DATA SECTION below:

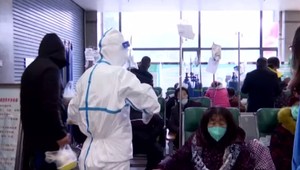 Čína uzavrela 11 miliónové mesto, odkiaľ sa začal šíriť smrtiaci vírus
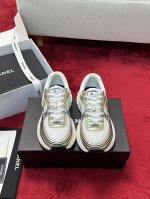 Chanel 25C新款银角大王运动休闲鞋百搭小白鞋 款式搭配不会出错撞色搭配活力满满啊 侧面压印logo 上脚很秀气 鞋面原版定制材料 原版大底Size:35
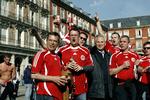 Danske og spanske fodboldfans varmer op til EM kvalifikationskampen i Madrid. Richard var der også. Det er i år 2007. 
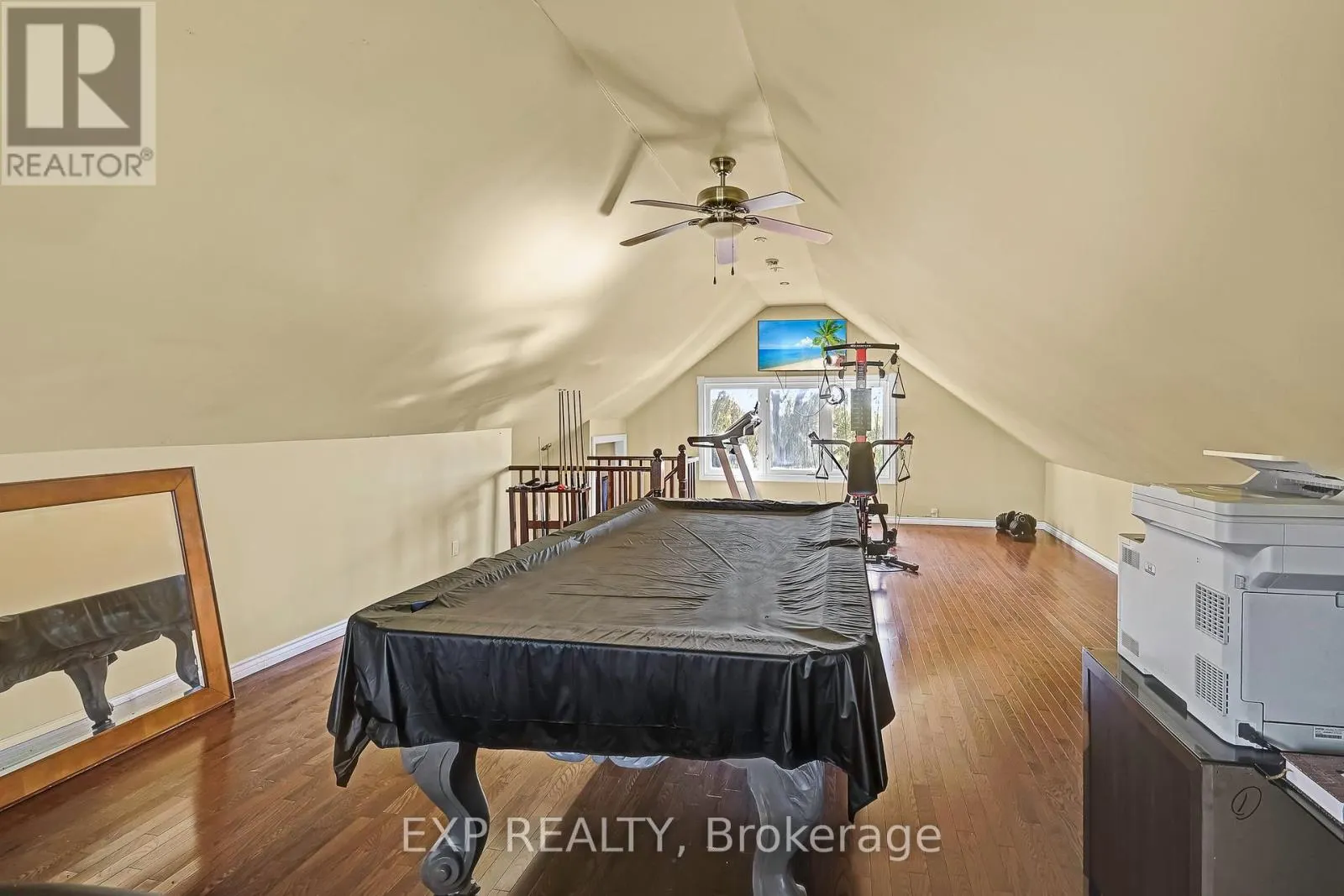 680 WINCHESTER ROAD W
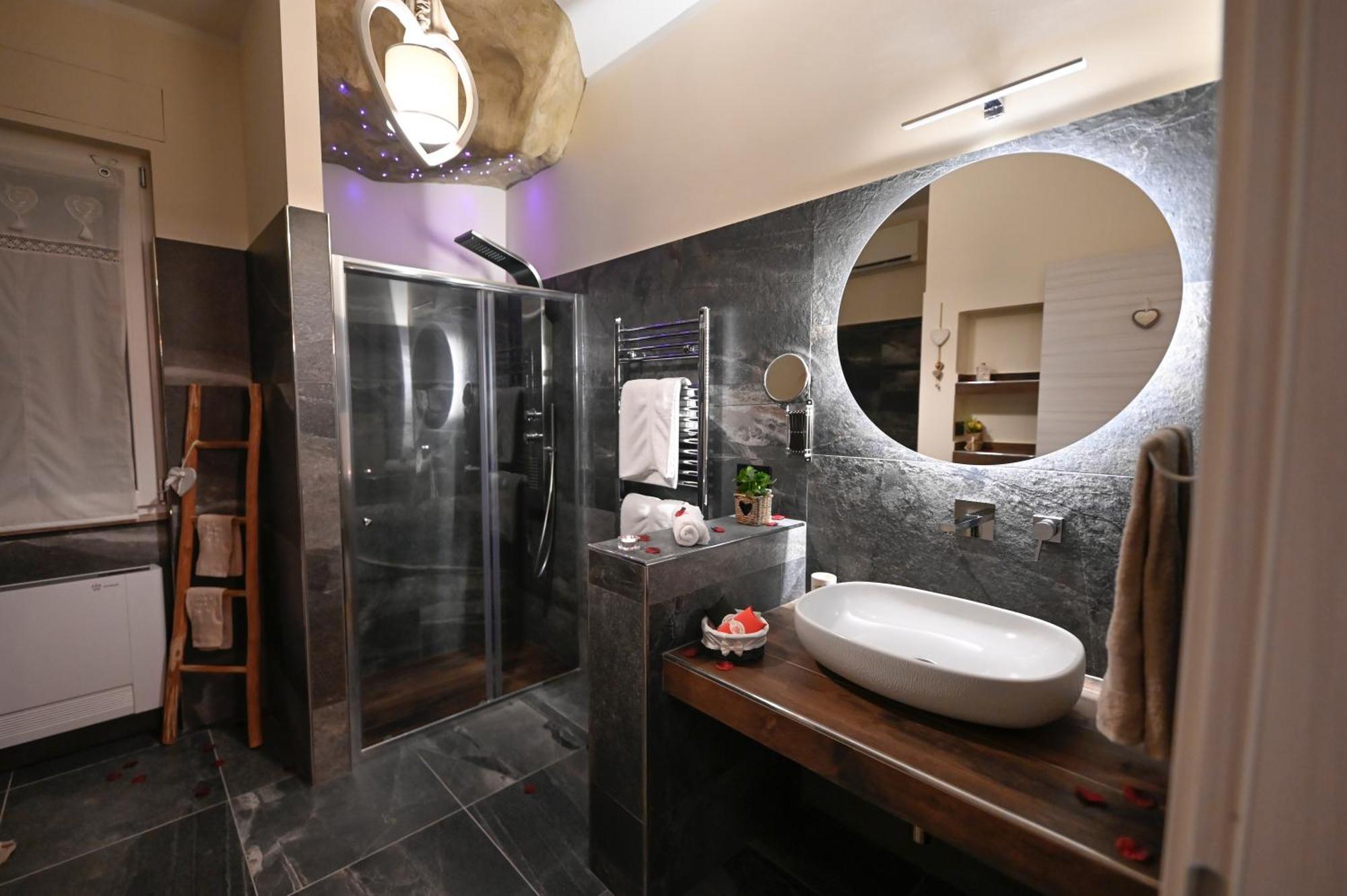 B&B La Casa nella Roccia Villanova del Battista Esterno foto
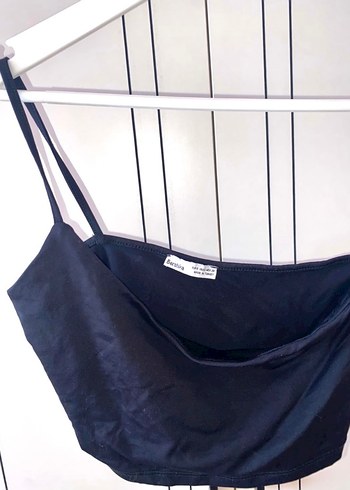 Bershka tek askılı bluz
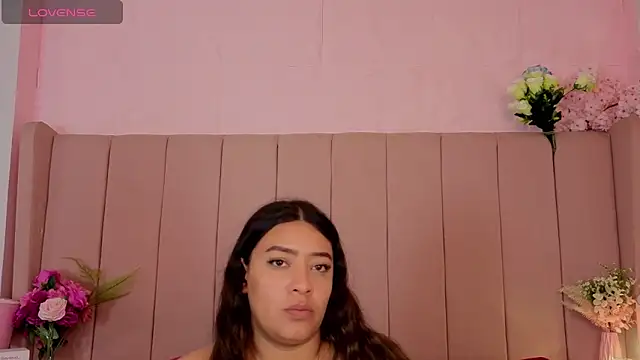 MollyBigBoobs12 webcam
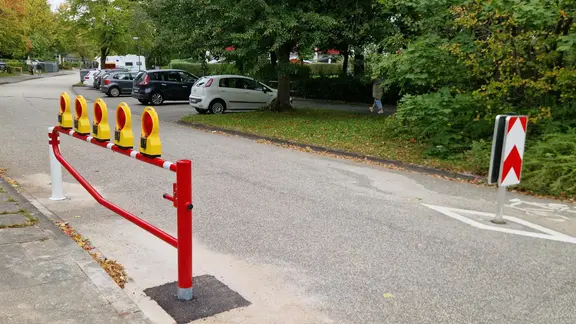 Eine Schranke über eine Schulstraße in Kiel Mettenhof.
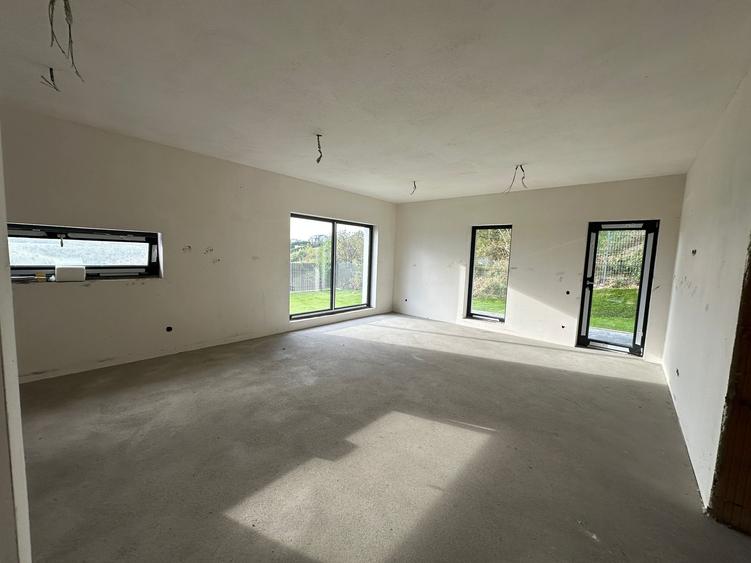 Duplex cu 4 camere cu Canalizare în Feleacu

End of DATA SECTION.

Reproduce precisely the lines of the entries above, from the one containing "Danske og spanske" through the final one, both ends included, and omit the pictures.

== RESPONSE BOX ==
 Danske og spanske fodboldfans varmer op til EM kvalifikationskampen i Madrid. Richard var der også. Det er i år 2007. 
 680 WINCHESTER ROAD W
 B&B La Casa nella Roccia Villanova del Battista Esterno foto
 Bershka tek askılı bluz
 MollyBigBoobs12 webcam
 Eine Schranke über eine Schulstraße in Kiel Mettenhof.
 Duplex cu 4 camere cu Canalizare în Feleacu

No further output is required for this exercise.